Today is the anniversary of Newton Minow’s “vast wasteland” speech. It’s a landmark in the history of broadcasting because Minow had just been elevated from his position as just a guy with a name that sounds like an idea for a fish-flavored soft cookie, to the the exalted chairman of the Federal Communications Commission, appointed to lead the regulatory agency by President John F. Kennedy.
Minow was talking to the 1961 convention of the National Association of Broadcasters and he didn’t mince words as he challenged his listeners to watch a day of television from the moment of sign on, when the programming started, to sign off, when it stopped.
Yes, children, there was a time in history when the television stations would actually be quiet at the end of a day.

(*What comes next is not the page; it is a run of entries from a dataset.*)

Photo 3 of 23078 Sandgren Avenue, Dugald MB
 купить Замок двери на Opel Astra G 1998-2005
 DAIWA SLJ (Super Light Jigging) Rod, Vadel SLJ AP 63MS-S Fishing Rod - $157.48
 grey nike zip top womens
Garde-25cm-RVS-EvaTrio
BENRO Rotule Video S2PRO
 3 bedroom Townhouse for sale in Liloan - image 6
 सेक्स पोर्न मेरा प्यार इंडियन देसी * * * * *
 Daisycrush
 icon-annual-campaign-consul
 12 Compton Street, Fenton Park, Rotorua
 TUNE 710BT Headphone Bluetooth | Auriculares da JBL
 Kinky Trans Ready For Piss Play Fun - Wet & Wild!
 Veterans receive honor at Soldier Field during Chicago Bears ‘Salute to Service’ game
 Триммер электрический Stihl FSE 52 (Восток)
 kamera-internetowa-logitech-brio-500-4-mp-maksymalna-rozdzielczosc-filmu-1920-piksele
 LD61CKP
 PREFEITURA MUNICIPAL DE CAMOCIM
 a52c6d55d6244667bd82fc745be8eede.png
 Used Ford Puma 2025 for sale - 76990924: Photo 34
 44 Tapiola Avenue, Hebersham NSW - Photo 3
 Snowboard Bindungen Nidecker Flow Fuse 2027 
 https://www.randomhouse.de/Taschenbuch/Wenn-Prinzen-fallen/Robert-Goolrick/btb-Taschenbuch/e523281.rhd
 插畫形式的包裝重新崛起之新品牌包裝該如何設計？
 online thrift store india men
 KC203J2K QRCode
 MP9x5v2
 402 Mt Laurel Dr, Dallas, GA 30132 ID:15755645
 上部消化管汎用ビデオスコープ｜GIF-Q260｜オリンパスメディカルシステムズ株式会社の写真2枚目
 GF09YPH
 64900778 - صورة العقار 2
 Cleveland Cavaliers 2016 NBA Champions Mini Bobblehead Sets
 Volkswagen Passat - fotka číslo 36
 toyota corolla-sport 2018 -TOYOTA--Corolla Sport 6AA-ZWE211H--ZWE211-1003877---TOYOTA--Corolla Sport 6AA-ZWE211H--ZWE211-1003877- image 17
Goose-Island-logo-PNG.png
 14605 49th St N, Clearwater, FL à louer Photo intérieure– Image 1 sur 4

Minow argued that “a vast wasteland” was on display.
“You will see a procession of game shows, formula comedies about totally unbelievable families, blood and thunder, mayhem, violence, sadism, murder, western bad men, western good men, private eyes, gangsters, more violence, and cartoons. And endlessly commercials — many screaming, cajoling, and offending. And most of all, boredom. True, you’ll see a few things you will enjoy. But they will be very, very few. And if you think I exaggerate, I only ask you to try it.”
The speech was a challenge to broadcasters to change their programming approach and do their work in the public interest. Wikipedia claims it was selected as one of twenty five “Speeches That Changed the World,” which is a ridiculous claim.
Minow didn’t change the world. Broadcasters pretty much ignored him and went about their business. When Gilligan’s Island debuted three years later, the shipwrecked boat was named after Minow.
Years later, Minow said he was really advocating for providing more choices for viewers, and in 2015 we can see that technology has certainly taken care of that. But the broadly uplifting and ardently educational medium he imagined at the time did not materialize outside the creation of Masterpiece Theater and Sesame Street.
If Minow did anything at all in 1961, he merely predicted the empty, miserable, disappointing future of broadcasting.
When have you said the thing your audience didn’t want to hear?